C’est que les dégâts causés par les inondations de juin dernier avaient laissé l’ile Prince en piteux état et que le festival Folk, qui s’y déroulait pendant la même fin de semaine, cherchait désespérément un emplacement pour son marché d’artisanat ainsi que pour la scène II.  

Les organisateurs étaient prêts à tout faire pour aider l’organisation du festival Folk mais, « à deux semaines d’avis, ce n’était pas possible du tout de déménager », insiste Zinha Muabi. Les installations des deux festivals se sont donc érigées côte à côte, le Franco sur la Plaza Eau Claire, appartenant à la ville de Calgary, et le Folk sur le terrain appartenant au centre commercial du même nom.

La disposition judicieuse des amplificateurs et des scènes a permis aux deux festivals de ne pas trop empiéter sur la musique de l’autre, et la décision du festival Folk d’offrir un accès gratuit à la scène II, et donc de ne pas clôturer le site, a grandement facilité leur cohabitation.

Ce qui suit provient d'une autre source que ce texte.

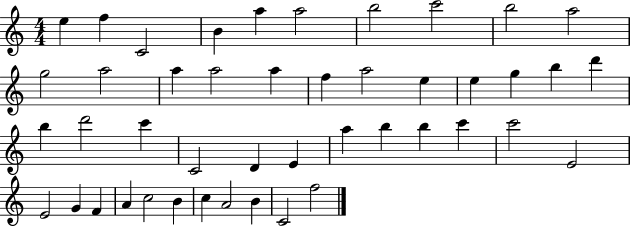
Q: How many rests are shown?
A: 0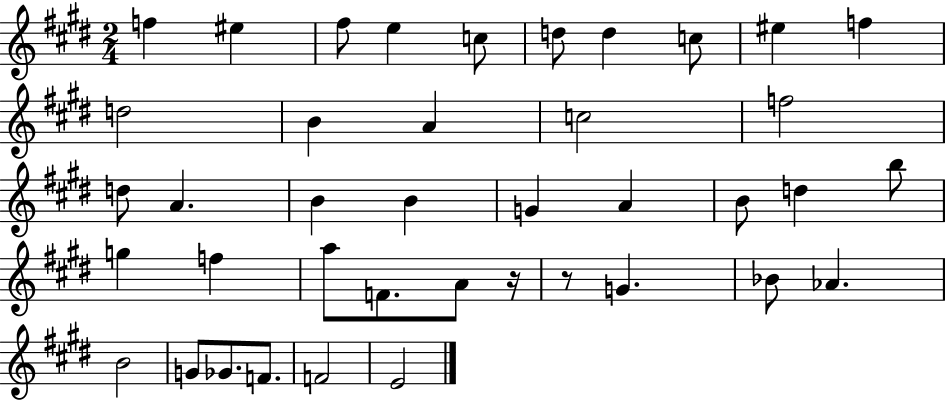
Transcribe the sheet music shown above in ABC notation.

X:1
T:Untitled
M:2/4
L:1/4
K:E
f ^e ^f/2 e c/2 d/2 d c/2 ^e f d2 B A c2 f2 d/2 A B B G A B/2 d b/2 g f a/2 F/2 A/2 z/4 z/2 G _B/2 _A B2 G/2 _G/2 F/2 F2 E2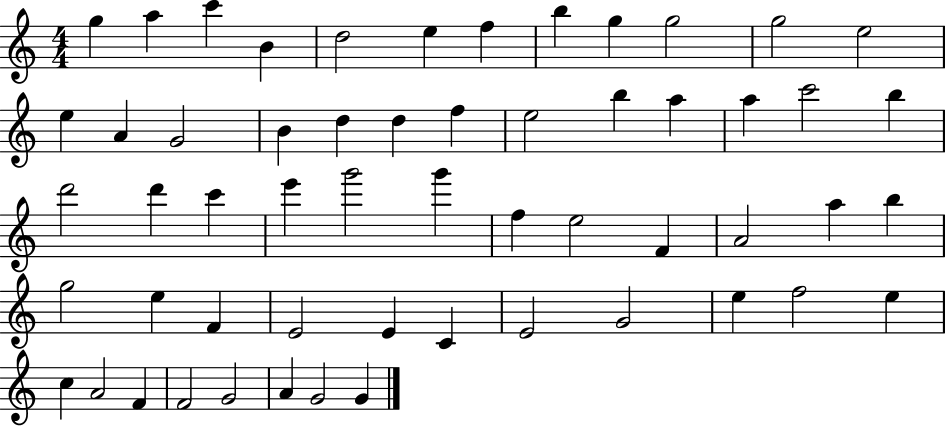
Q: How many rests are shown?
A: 0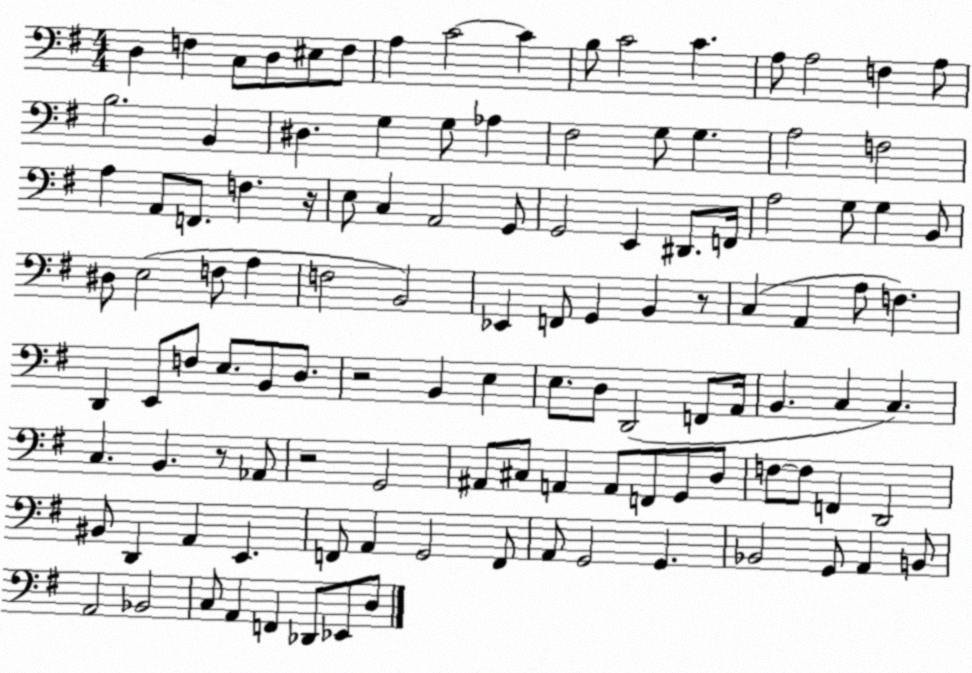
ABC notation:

Au final, « il faut considérer que de tenir le Franco Festival en même temps que le festival Folk est un défi, mais gardons en tête qu’il y a de plus en plus de festivals à Calgary, et que la ville commence à avoir de la difficulté à trouver un endroit pour chacun d’eux. »

La langue pour Jean-Marie Vianney Rurangwa
La soirée rythmes francophones du vendredi au centre scandinave a accueilli tour à tour chanteurs, danseurs et poètes. Et à un moment, les trois en même temps, alors que l’auteur Jean-Marie Vianney Rurangwa récitait ses vers sur fond de tamtam et de danse.  

Né au Rwanda en 1959, il a fui le pays très jeune pour n’y revenir qu’une quarantaine d’années plus tard, en tant qu’enseignant. Le camp de réfugiés qui l’a accueilli étant enfant a été pour lui une forteresse, « où ils ont touché à tout, sauf à notre culture », raconte-t-il.

Ainsi, comme il l’a appris de sa mère, il parle toujours le kinyarwanda, la langue officielle du Rwanda. Mais c’est en français qu’il écrit sa poésie, ses articles, ses livres et ses pièces de théâtre.

« Mon âme est francophone », affirme-t-il. Si son père était un artiste de la poésie orale en kinyarwanda, lui a le français comme langue poétique. Il a bien traduit en anglais quelques-unes de ses pièces, mais il adhère à l’adage italien traduttore, traditore : traduire c’est trahir. « Les rimes et le rythme se perdent dans la traduction », simplifie-t-il.